• EXERCISE INSTRUCTIONS
Every line below should come back exactly as written, though the pictures stay out.

• DATA BLOCK
************

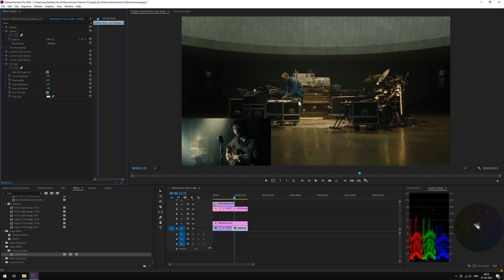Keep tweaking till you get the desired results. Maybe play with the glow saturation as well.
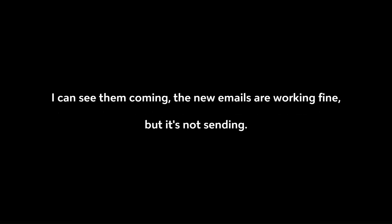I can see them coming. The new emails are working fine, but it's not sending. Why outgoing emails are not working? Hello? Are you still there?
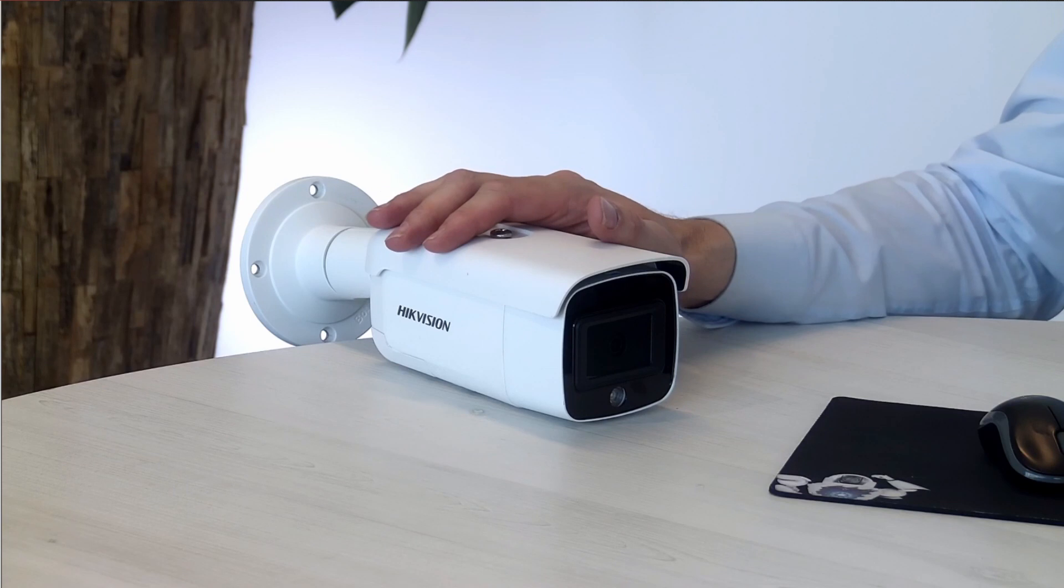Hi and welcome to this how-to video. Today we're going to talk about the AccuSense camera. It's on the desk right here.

************

• RESPONSE FOR THIS EXERCISE
Keep tweaking till you get the desired results. Maybe play with the glow saturation as well.
I can see them coming. The new emails are working fine, but it's not sending. Why outgoing emails are not working? Hello? Are you still there?
Hi and welcome to this how-to video. Today we're going to talk about the AccuSense camera. It's on the desk right here.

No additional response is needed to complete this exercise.